In Algeria, in 1992 when there was an attempt at elections, the fundamentalist Islamic Salvation Front almost won a majority in the Parliament. In response, the government canceled elections. The Algerian dictator was brutal but he and his cohorts clearly understood that the alternative to his brand of brutality would be a religious dictatorship. Not that President Abdelaziz Bouteflika cares about human rights. He cared about saving his wealth and power. The result in Algeria was that human rights remained elusive.

Again, even more recently in Tunisia in January 2011, the country’s president, Zine al Abidine Ben Ali was forced to flee the country after twenty-three years of a ruthless grip on his people. A state of emergency was declared and the ineffectual prime minister, Mohammed Ghannouchi, appeared on television to announce that he was running what he described as a “temporary government.” There is no doubt that it is only a question of time—months at the most—before the all-powerful Islamic party will promise the people equality and a better life, take over the army, and impose religious rule.

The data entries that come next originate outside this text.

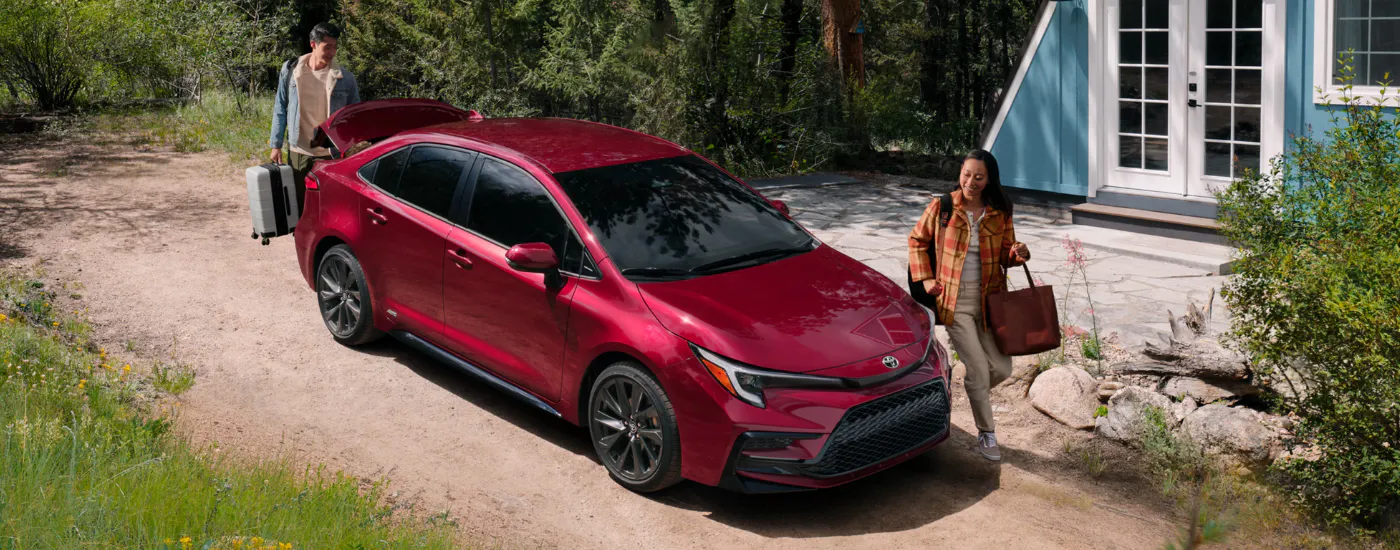 Two people loading luggage into a red 2026 Toyota Corolla
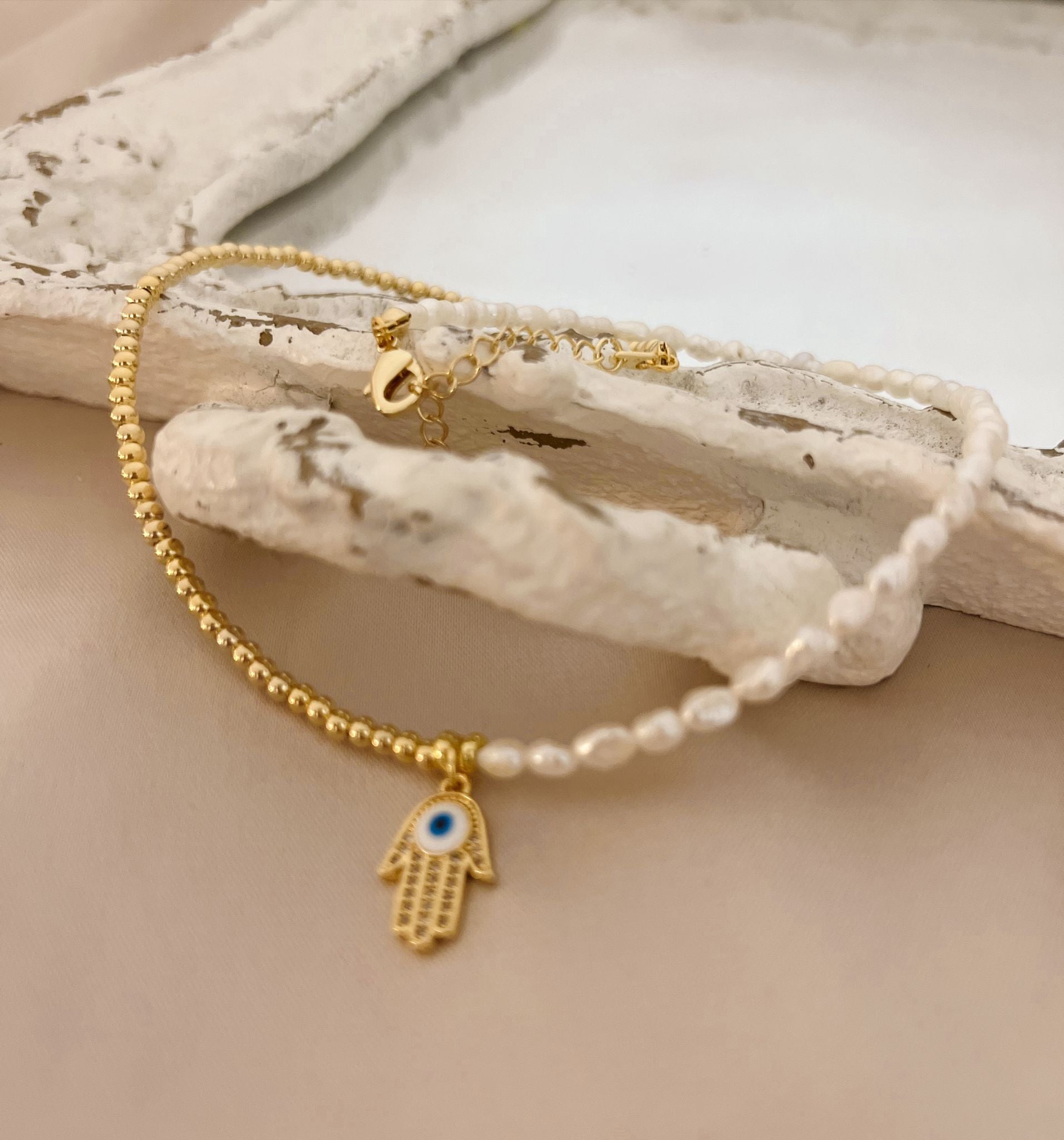 Gold Necklace with Half Pearl and Hamsa Hand Charm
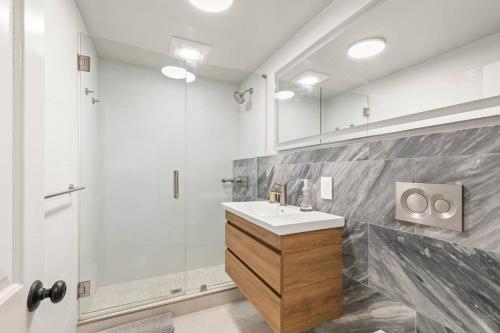a bathroom with a sink and a shower at Stunning Bay Views | Beach Access - Deck - Parking in Provincetown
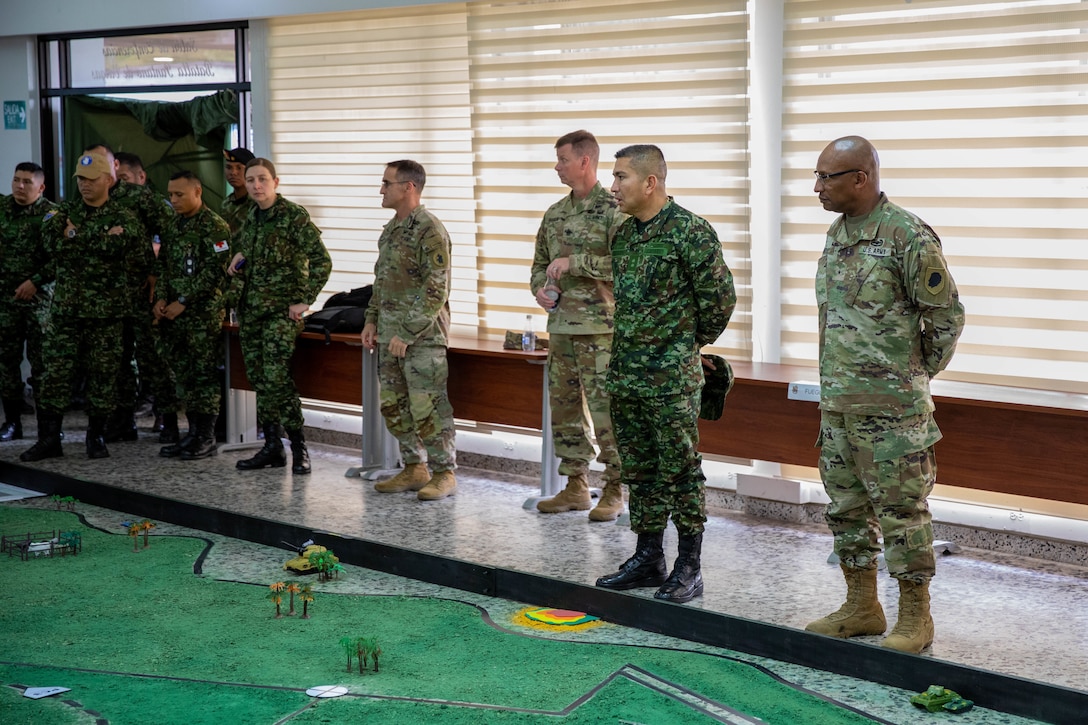 Brig. Gen. Rodney Boyd, Assistant Adjutant General -Army and Commander of the Illinois Army National Guard, and Colombian Army Brig. Gen. Hernando Garzon Rey, U.S. Army South Deputy Commanding General - Interoperability, receive an operations brief of Exercise Southern Vanguard 23 on Nov. 8, 2022 at Tolemaida Military Base, Colombia.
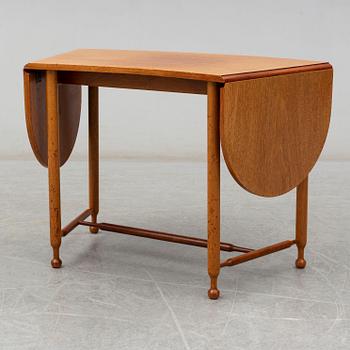 JOSEF FRANK, a model 1333 mahogany table from Firma Svenskt Tenn.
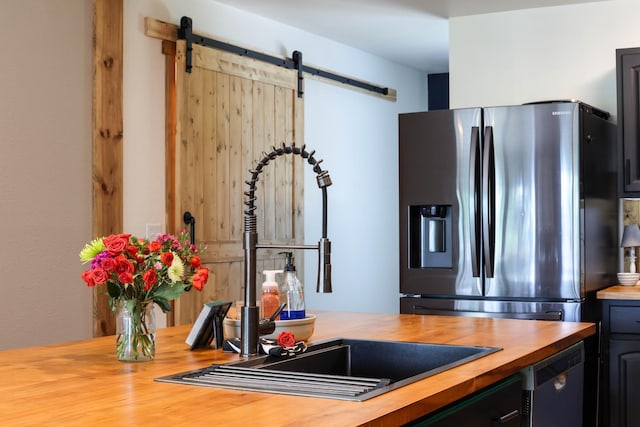 3250 Wild Turkey Ln, Red Wing, MN 55066 - kitchen with wooden counters, stainless steel fridge, and a barn door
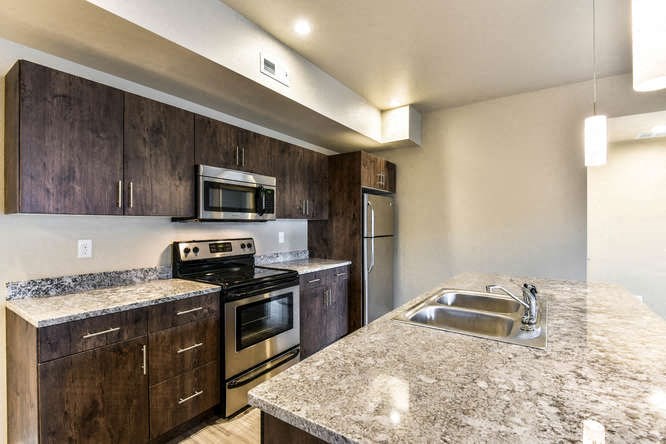 a kitchen with stainless steel appliances and granite counter tops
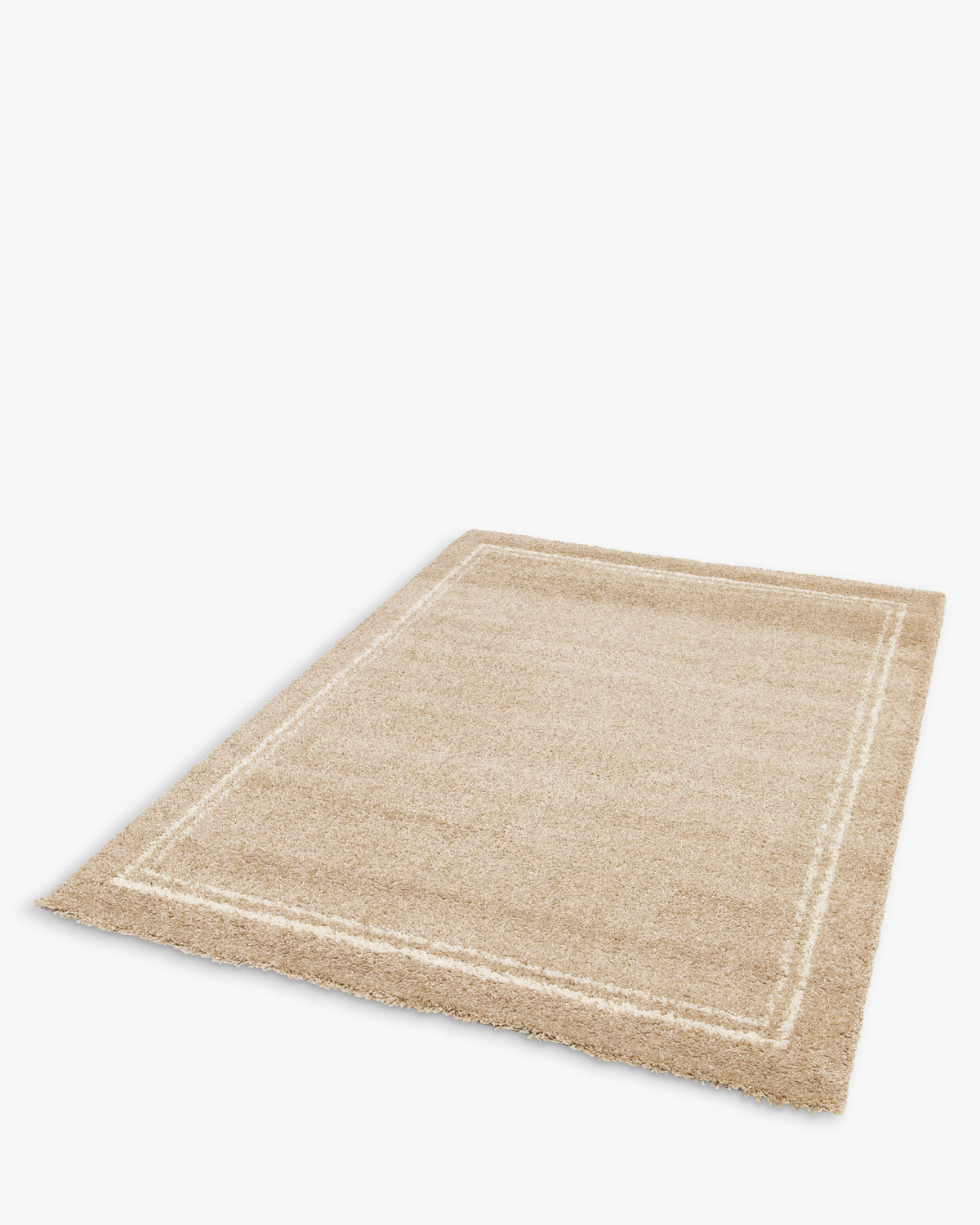 tapis de salon Estero petit format beige à double bordure écrue - vue de trois quarts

The irony is that Islamic leaders fulfill those promises of a better life if compared to the violent dictatorships of Arab leaders from Morocco to Egypt to Jordan, Syria, and beyond. The reason that Hamas and the Islamic Fundamentalists throughout the West Bank and Gaza win the hearts and minds of the Palestinians is because they provide education, technological training, and such basics as food, warm clothes, and shelter for an otherwise desperate population. They are rich organizations. They get billions in donations from Gulf Arab states such as Saudi Arabia who is home to the violent Wahabi Muslims. And, there are many other states that support the extremist religious groups. The fact that the more moderate leaders in that region talk peace with Israel is no incentive for the Palestinians to trust them. The only hearts and minds the more moderate Palestinians are winning are those in the United States and Israel.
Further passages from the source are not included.